When responsive design frameworks came along, the first thing they did was to dispense with absolute table structures and replace them with relative positional divs. This means that robust tables are slightly more difficult to create and manipulate / style within a responsive framework, than they ever were within tabular HTML.
The standard WYSIWYGs still have table formatting, but the scope of this is significantly diminished / limited - and in fact quite different considerations need to be made for responsive as you need to factor how your table will appear at diferent screen resolutions / break points.
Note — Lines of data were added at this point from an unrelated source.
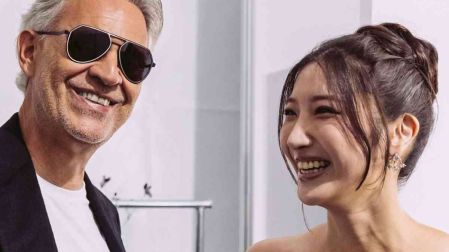 Andrea Bocelli y EJAE en la inauguración del Mundial 2026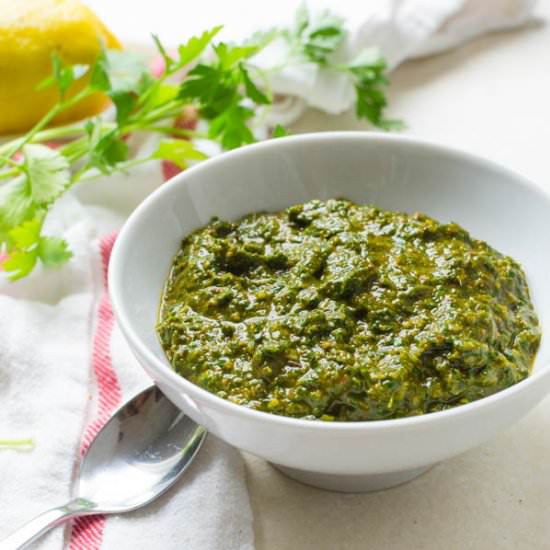 Chermoula Recipe – 2 Ways - Recipe photo by garlic and zest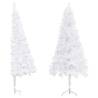 White Corner Artificial Christmas Tree 120cm - PVC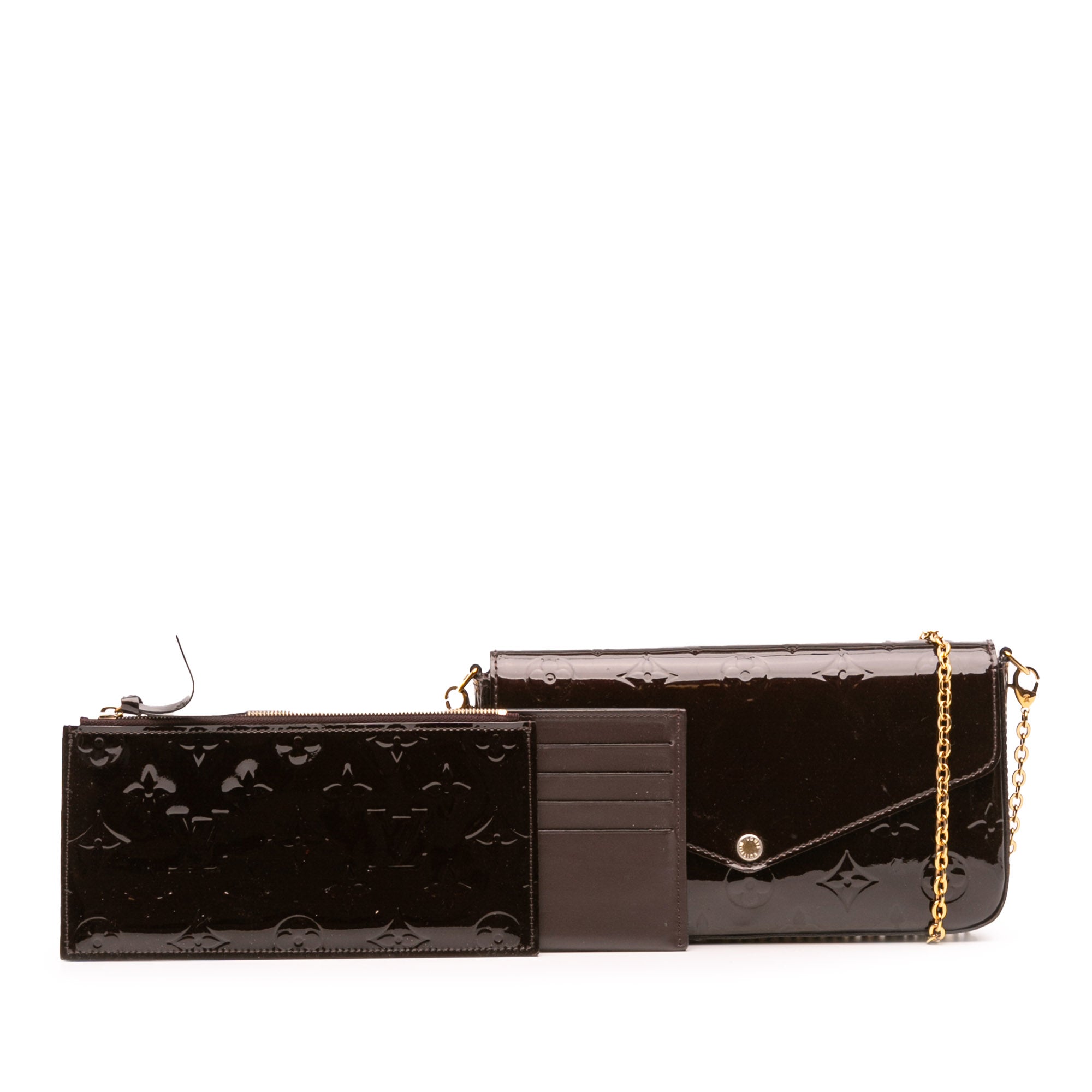 Monogram Vernis Pochette Felicie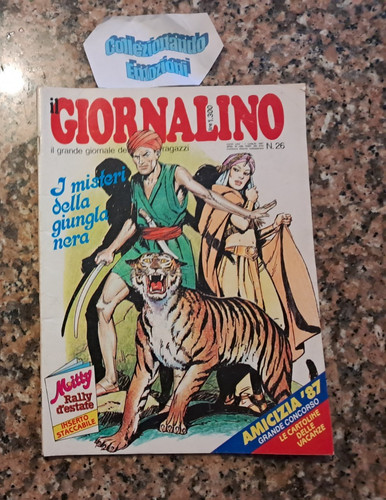 Giornalino 1987 david - il,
You need to consider the lowest common denominator first really - in how will your table/s display on a relatively small portrait screen of a mobile phone. This largely means the highly complex table structures of old are out, and whatever you do needs to be somewhat simplified for the current paradigm.
You have 4 main choices when deploying tables in responsive, as per the following:
Affino uses the TinyMCE WYSIWYG editor, and those who used this for HTML sites will notice how a number of the styling settings / options have disappeared in the current iteration. Yet it is still fairly straightforward to do basic tables, as long as they are relatively simple. It obviously depends on the context of a table and in particular the column headings and content, if similar to the table in the above visual- you can probably run to as many 7 columns and still comfortably display them on a mobile screen. If however there are long column titles and / or the content is made up of words, then your limit is probably only 4 or 5 columns. If table is using German or Icelandic compound words, then columns will be even wider.
I fairly recently completed the Affino System Security Rights help guide with a series of 4-column tables, which Affino Customers can view here: Security Help Guide
Any styling can be fiddly though, as can entering column and row attributes - in many ways this is easier with the ’view code’ function on TinyMCE where you can just edit, copy and paste the raw HTML - much quicker than right-clicking and setting variables per individual cell.
If the table is obviously going to be longer than 4-7 columns, then it’s not worth doing the table as responsive, as it will try to flow down within the space - meaning that long rows are reduced to stacks of columns - and you can no longer compare parallel rows as before (which is often the main purpose of tables). The solution here is to craft some CSS to enable a horizontal scroll bar - so that the table is entered fully as a static container but you can scroll right and left to view the entire table within the smallest viewport - with the parallel rows in tacts. In terms of site builds, this will be an additional cost typically. The above table in the visual is set up in this manner, with a horizontal scroll bar at its base.
The original reference can be seen on: Icelandic District Courts site
Recent years have brought us Scalable Vector Graphics or SVGs - which stay sharp and crisp - big and small. Meaning that in many instances the easiest solution is often just to use a vectorised format of the whole table, numbers and all. You can guarantee quality and uniformity of display across all devices, with the minimum of pain. Do note that larger and more complex graphs will simply have too much density of information at the smaller sizes - so won’t be practically legible. So SVGs don’t solve every scenario. If you want a fully interactive table with lots of columns, it’s likely it will need to be custom developed.
For complex and tabbed tables, these have to be custom coded, and will involve a lot of testing across platforms and devices. Certainly the most expensive and time-consuming route to go, but if you want customers to be able to click on and select actual numbers from the table, then your only workable option would be a custom coded table. Obviously maintenance of these can be costly too - depending on how this has been scripted. You could also consider deploying a more application-centric solution whereby a dedicated interface is created to handle tables, or the source data can be uploaded via CSV / spreadsheet.
The core styling would need to be embedded into the framework of the display interface, and there would be obvious limitations in this approach too. So it really depends on how much you want this sort of thing, and how much you are willing to pay to get it.
The methodology I tend to apply is that if the Table format is simple enough (few enough columns), I will do it on the WYSIWYG with % columns applied, otherwise I will make use of SVGs. If the source table is to too big and too complicated for a small screen, I will simply abstract / extract key points / data comparisons into an executive summary and leave the table out entirely. There are of course other variations available - changing formats at different breakpoint sizes for instance, but these are overly complex and more time-consuming to put into place and maintain.
For examples how tables can cease to be functional at lower breakpoint sizes. the Icelandic Power Station resource - Veitur - gives a useful lesson. If you view on desktop and simply reduce you browser width to a small mobile phone screen equivalent, you can see the column stacking issue I mentioned above, which to all intents and purposes renders the primary table display format useless.